There are also similar concerns for people for whom English is a second language. I know through my own migrant family background that that is a big concern for many. As the member for Narungga touched on in his contribution, this bill permits the state to become involved in the taking of life, no matter how noble and how much that decision comes from a place of love.

We are having this debate at the same time as we are looking at whole issues around mental health and ensuring that every life matters and that debate is had. As we have seen in the Victorian example, with the passing of the VAD legislation, we have not necessarily seen a reduction in recorded suicides. There quite often has been an argument made that if we have VAD legislation we will not see these sad occurrences happening in terms of people taking their own life.

I believe that if we do not have these important and proper debates around end-of-life care, and the value of supporting someone through all stages of their life, we are sending very much mixed messages throughout our society. We have seen in countries like Belgium and the Netherlands that the initial limitations in those two countries of only allowing euthanasia for the terminally ill has naturally expanded to include other groups of people as legislation has progressed.

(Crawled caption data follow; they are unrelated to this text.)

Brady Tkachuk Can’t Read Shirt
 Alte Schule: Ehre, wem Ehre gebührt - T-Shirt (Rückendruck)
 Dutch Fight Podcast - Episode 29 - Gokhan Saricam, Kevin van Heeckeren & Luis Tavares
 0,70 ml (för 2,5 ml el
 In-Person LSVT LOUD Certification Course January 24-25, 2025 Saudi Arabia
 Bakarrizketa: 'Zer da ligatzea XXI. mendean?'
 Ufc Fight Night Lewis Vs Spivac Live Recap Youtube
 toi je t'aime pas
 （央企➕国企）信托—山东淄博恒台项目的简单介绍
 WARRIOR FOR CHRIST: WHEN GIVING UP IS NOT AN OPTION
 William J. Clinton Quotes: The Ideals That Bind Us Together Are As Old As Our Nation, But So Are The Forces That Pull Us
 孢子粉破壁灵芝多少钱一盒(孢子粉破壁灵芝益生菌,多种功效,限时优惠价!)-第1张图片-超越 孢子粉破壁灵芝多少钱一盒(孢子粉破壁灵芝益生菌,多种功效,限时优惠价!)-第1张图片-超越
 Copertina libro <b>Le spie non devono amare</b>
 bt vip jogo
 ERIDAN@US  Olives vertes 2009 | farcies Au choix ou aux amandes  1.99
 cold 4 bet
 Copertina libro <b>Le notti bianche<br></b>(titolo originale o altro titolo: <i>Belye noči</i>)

Indeed, we have seen that most recently in Canada where VAD was passed. Before that bill was assented to, we already saw amendments being drafted for its further liberalisation. So as we progress this debate into the second reading, it is something that we are very mindful of. It is a natural path for us to ensure that we do have those safeguards in there.

To think that there are strengths in this bill that will ever stop there from being abuse of such legislation is something we should always be very careful of in going down that path. There are certainly many issues that I would like to explore in the debate around the role of practitioners in this in terms of the two-doctor framework. Another matter that I will also be supporting, in terms of the committee stage, is around conscientious objections for institutions. I believe the member for Davenport has already tabled amendments to that extent.

Like all members of parliament, I have received an incredible amount of correspondence from my constituents—those who are strong proponents of VAD legislation and those who share many concerns. I want to thank my community, as many others have indicated, for engaging in this debate in the most respectful manner. For me, the passage of this bill might provide some people with greater end-of-life choice. In its current form, if passed, I believe the bill will expose vulnerable South Australians who cannot even access the very best of palliative care services at the moment.